The City of Toronto’s latest demand for $250 million a year from provincial taxpayers should be filed in the finest blue box in Premier Dalton McGuinty’s office and recycled into a more useful and credible product.

Because until Toronto regains control of its City Hall’s financial three-ring circus and the clowns in it, that municipality should not get a cent more from the provincial treasury, or more accurately the provincial taxpayers. Given the mind-numbingly chaotic condition of the latest Toronto budget, it would make as much sense to simply dump the $250 million a year into Lake Ontario and watch it sink out of sight to the sludgy bottom.

Toronto Mayor David Miller says — apparently with a straight face — that he needs the annual quarter of a billion dollar infusion from provincial coffers to run public transit and deal with Toronto’s structural deficit. To which we can only answer: What structural deficit?
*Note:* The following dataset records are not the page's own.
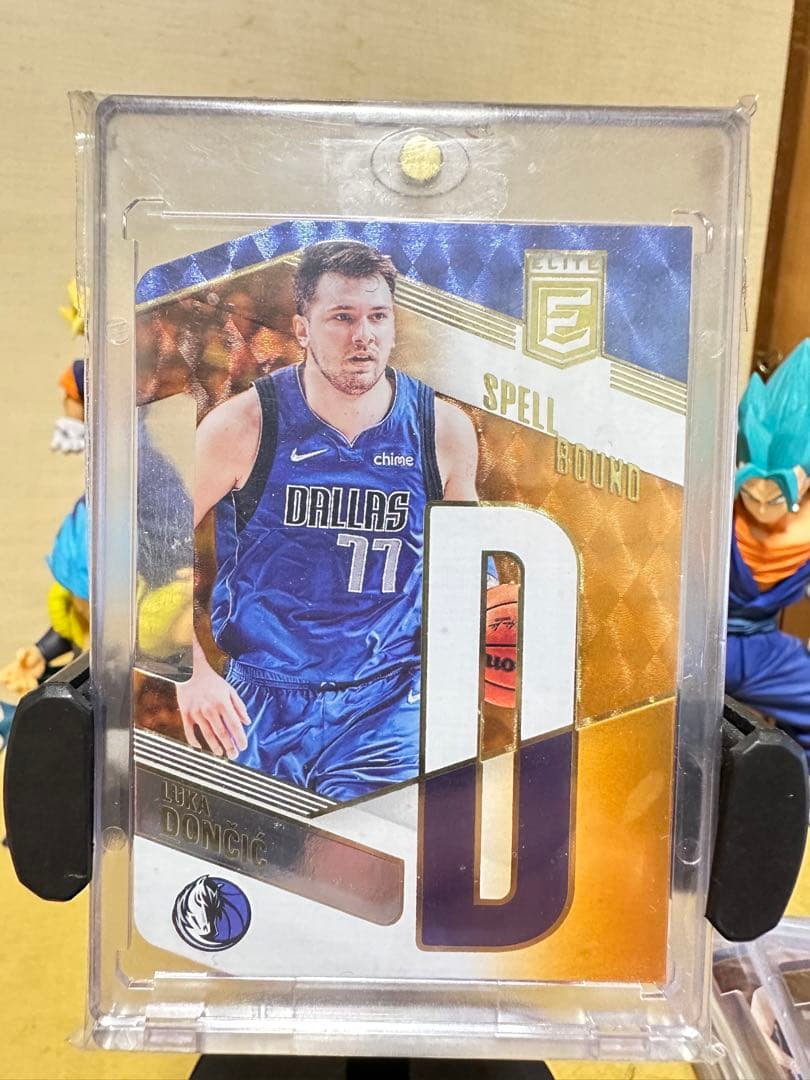 Luka Doncic Spell Bound カードセット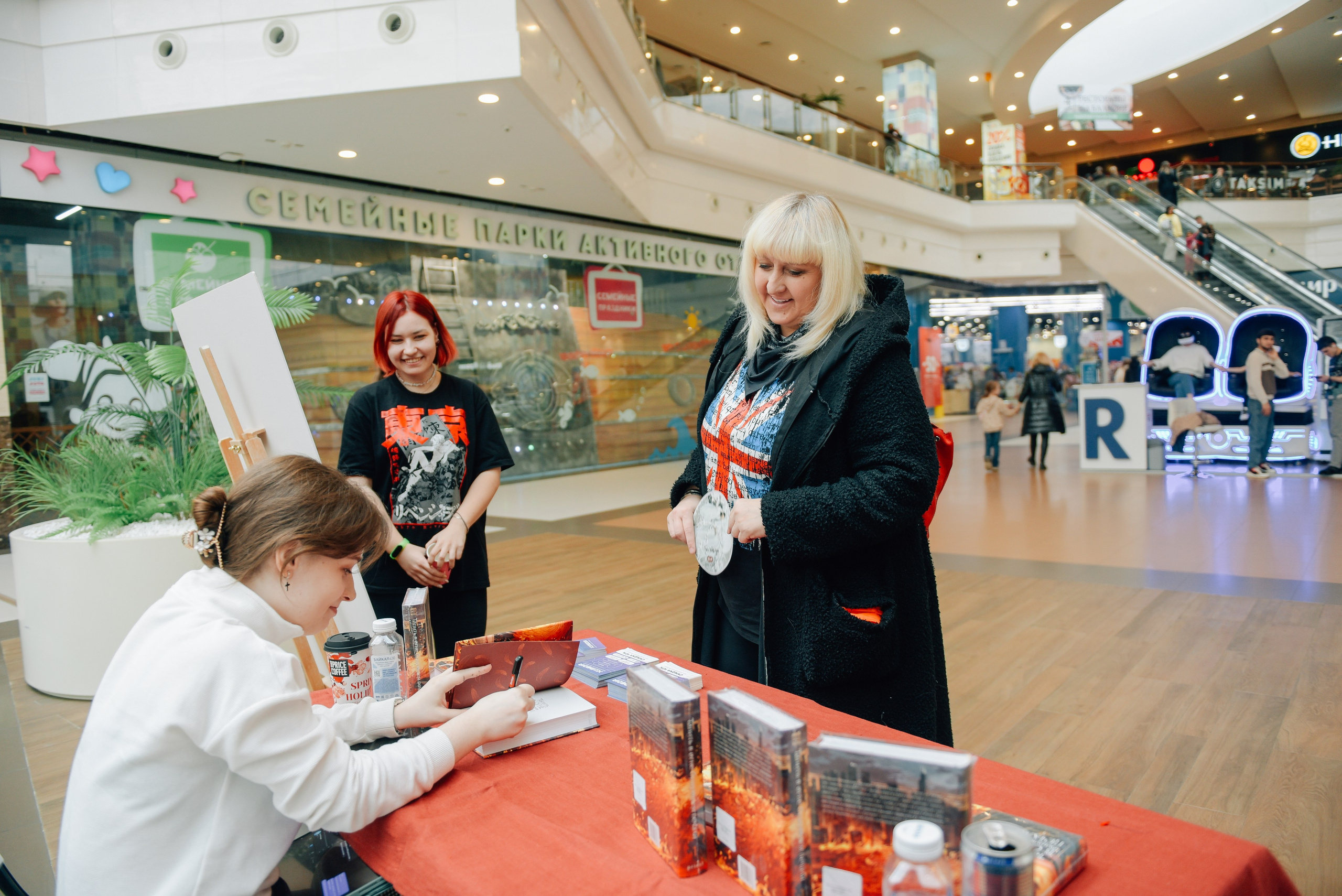 XL MEDIA Автограф-сессия с Renibet. Фотограф Лола Волна, город Москва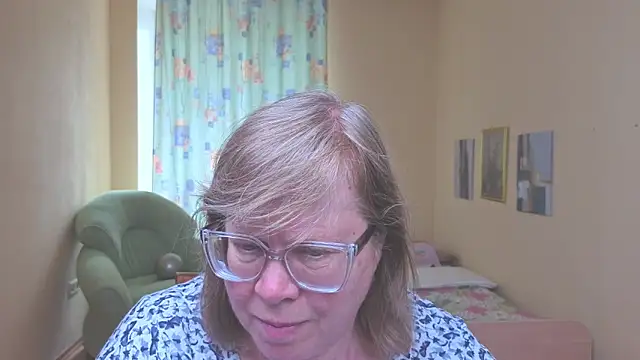 Snapshot of Emma_Eclipsee chatting on May 10, 11:26 am Emma Eclipsee online show from May 10, 11:26 am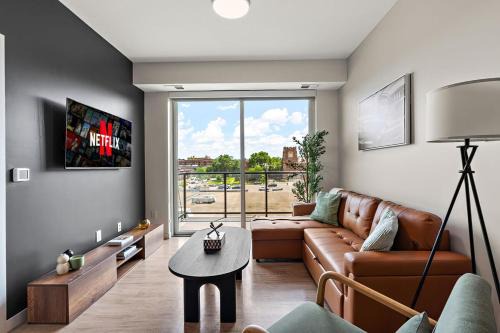 W413 Stylish Luxury 1Bedroom In Downtown Minneapolis, Minutes From Minneapolis Convention Center & US Bank Arena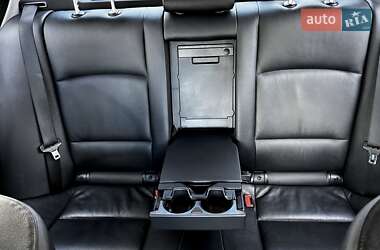 Седан BMW 5 Series 2012 в 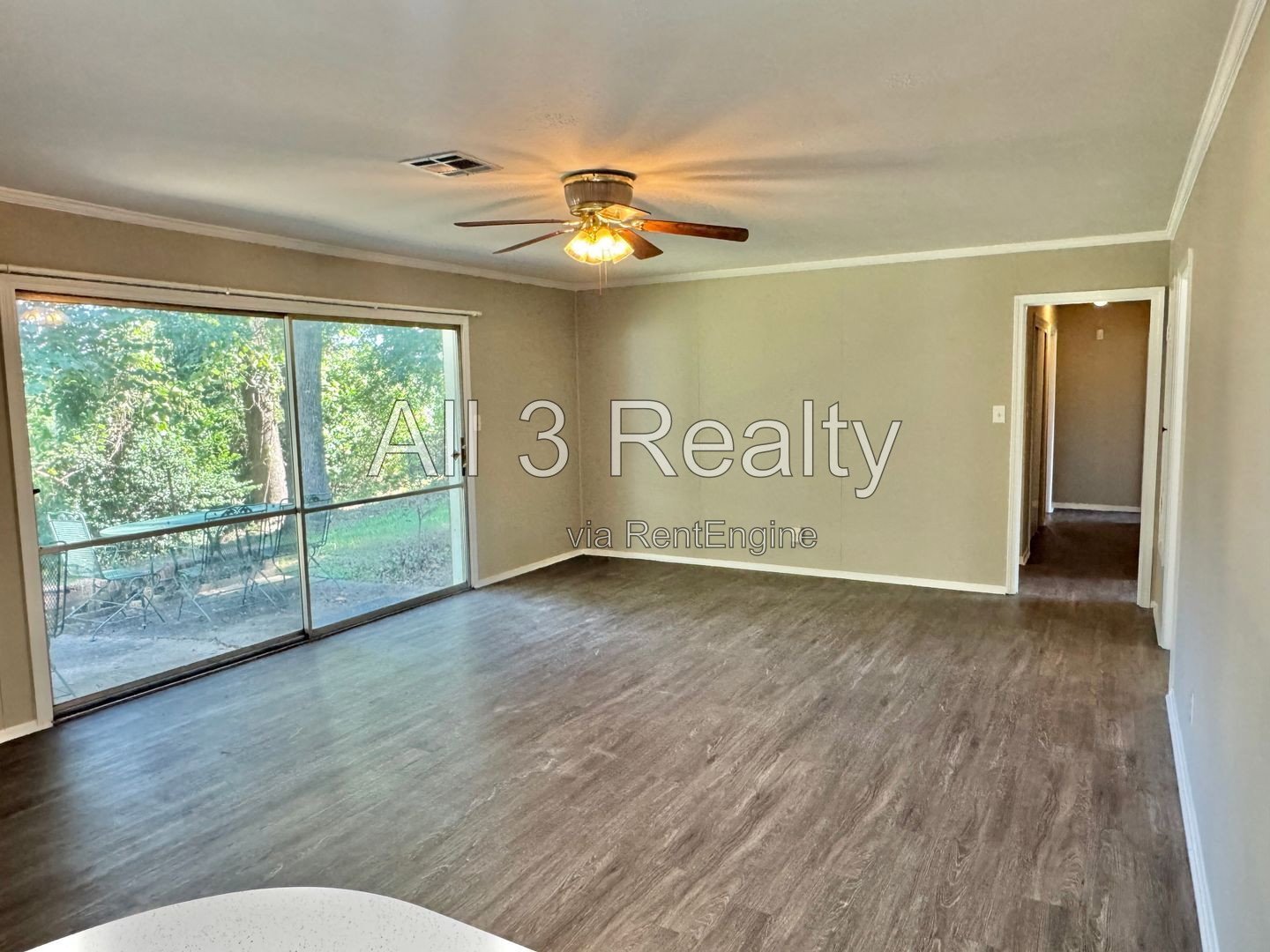 Must see Scenic Hills 3-Bedroom home !! property image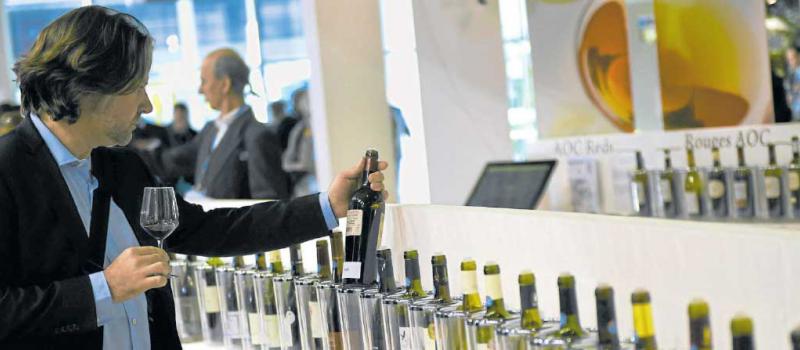La Exposición Internacional de Vinos y Licores Mediterráneos atrae a los amantes de este licor. Este producto tiene un mayor ingreso en el mercado internacional. Foto: AFP
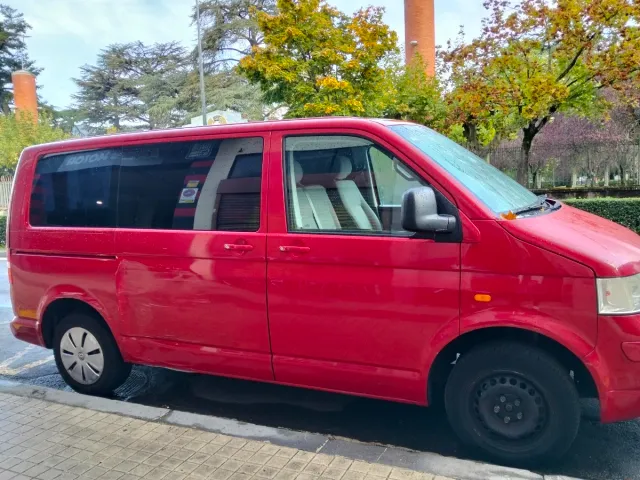 Volkswagen Transporter T5 2003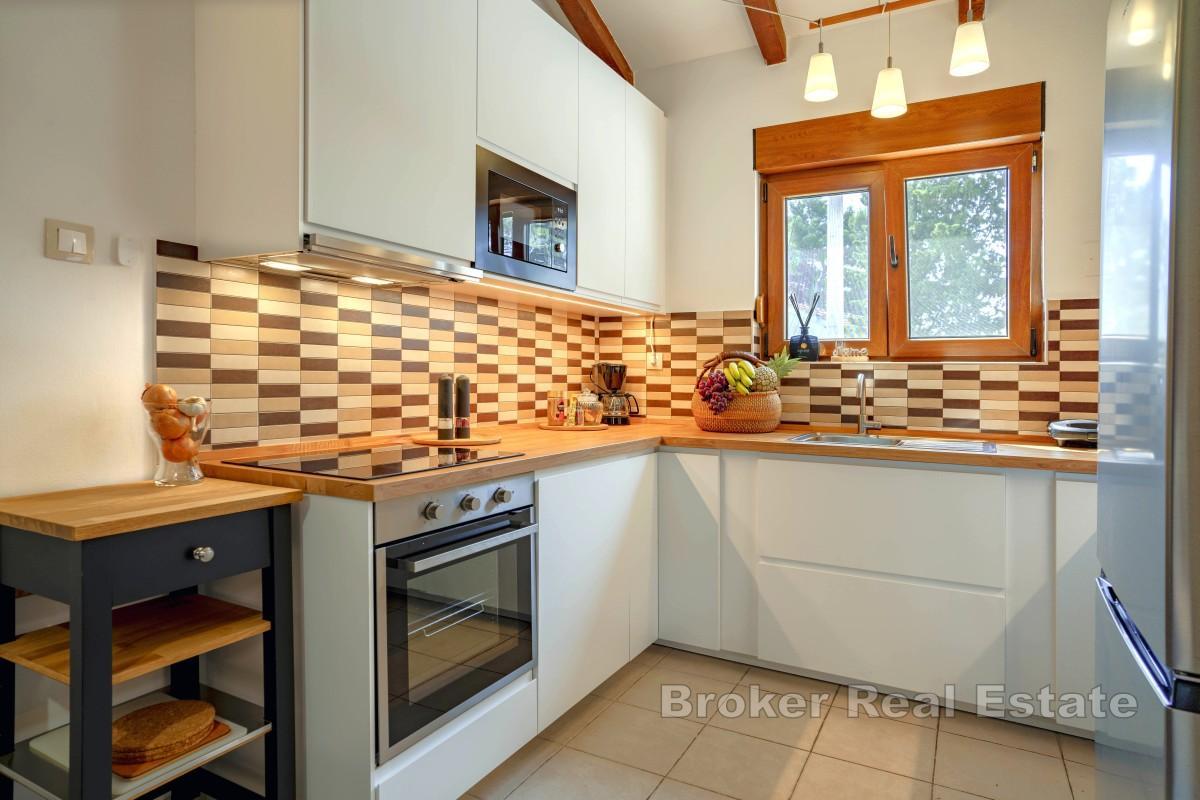 Dom wakacyjny z ogrodem śródziemnomorskim, basenem i sauną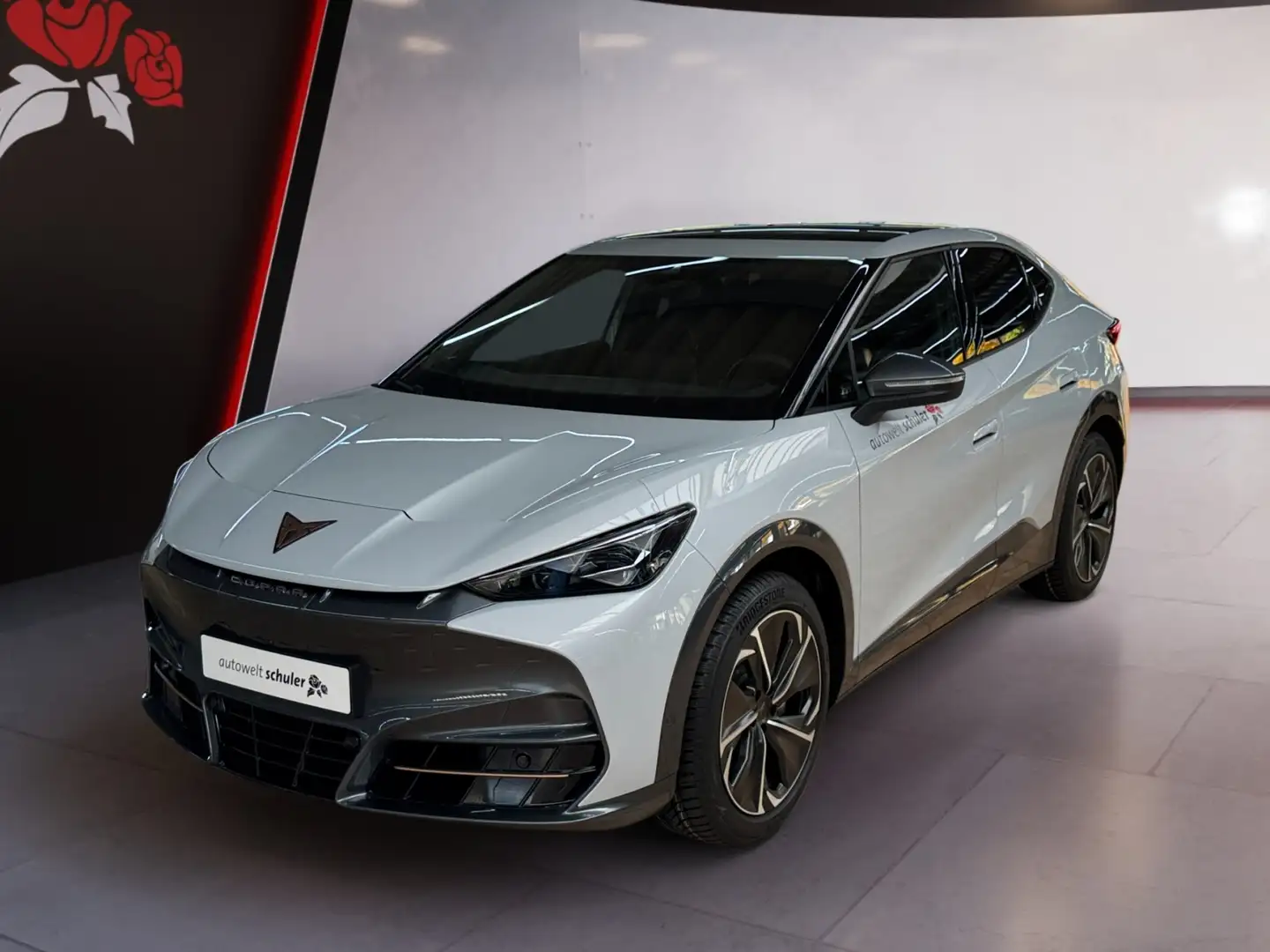 CUPRA Tavascan 250 kW 4Drive VZ 360° RFK PANO Silber - 2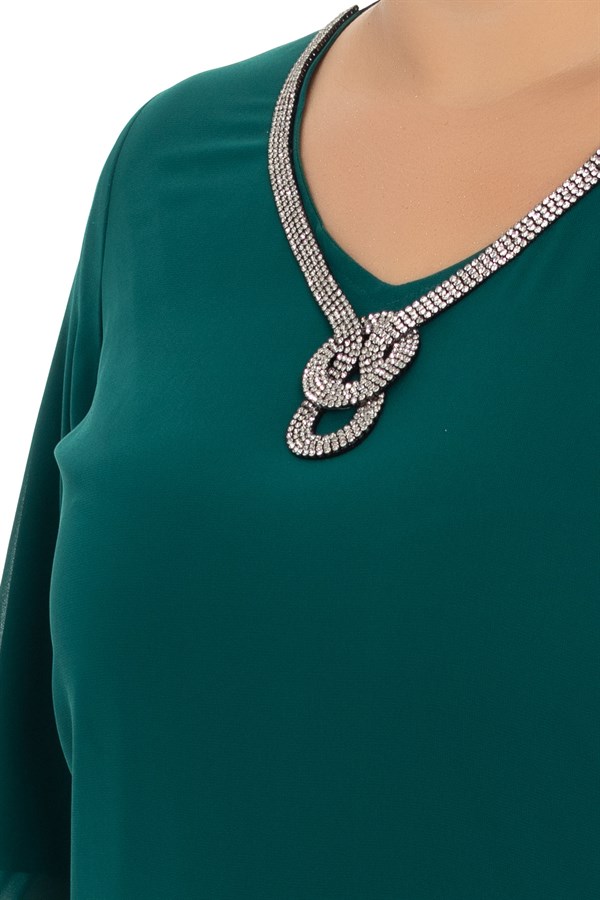 7016 YAKASI KOLYELİ KISA ELBİSE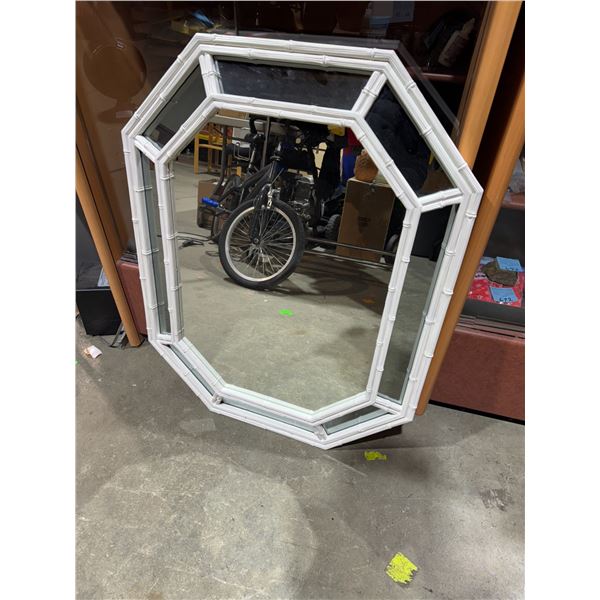Vintage wonder – Glo faux bamboo mirror Hollywood Regency 33" x 26"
Two days ago, Miller held a news conference to make the astonishing announcement that he had discovered $100 million that he didn’t even know the city had. This windfall means that Toronto finishes the latest fiscal year with a robust $350 million surplus. So where’s the structural deficit?

Miller crowed that his discovery meant the four per cent residential property tax hike for this year would be cut back to 2.9 per cent and the commercial increase pared down to under one per cent. Meanwhile, proposed service cuts and fee hikes would be reviewed — perhaps to be reversed.

While such news will be welcomed by Toronto taxpayers, it does make their city’s budgetary process seem more like a work of science fiction than sound financial action. How does Miller stumble through months of budget talks and months of seemingly hard decisions only to uncover at the 11th hour a $100-million discrepancy in the size of the city’s surplus that turns everything upside down?

Damaging his credibility even more is Miller’s continual boast that Torontonians consistently pay lower taxes than their neighbours in Mississauga, Oshawa or, indeed, in any community in the Greater Toronto Area.

Ontarians have a right to two answers from Miller: How can he cry poor when he has $350 million in the city coffers? And what right does he have to put his hands in the pockets of taxpayers in other Ontario communities? They might well be paying higher taxes than their counterparts in Toronto, they have no say over how Toronto spends its money and they can hear Mayor Miller’s critics complain that he is mismanaging the Toronto’s finances.

Make no mistake. We accept the fact that Ontario taxpayers fund projects and services in every Ontario municipality. In this respect, Toronto is no different from Waterloo Region and its cities and townships which benefit from provincial dollars. We do not question Toronto’s right to its fair share of provincial support either.

But asking for $250 million a year more from the province now — when the city is flush with funds, when its citizens pay low taxes and when City Hall doesn’t know from one moment to the next how much money it really has — is going too far.

The signals coming out of Queen’s Park suggest that Premier McGuinty and his government are not impressed by Mayor Miller’s financial aptitude and are disinclined to meet his request for $250 million more a year.

This is music to our ears. The premier should hang tough on this one. The Ontario public should back him all the way. There should be a comprehensive audit of Toronto’s finances, the results of which should be made public. Someone — and maybe this will have to wait until after October’s municipal election — should clean up the mess in Toronto City Hall. And then, only then, should a single syllable be murmured about more provincial cash for Toronto.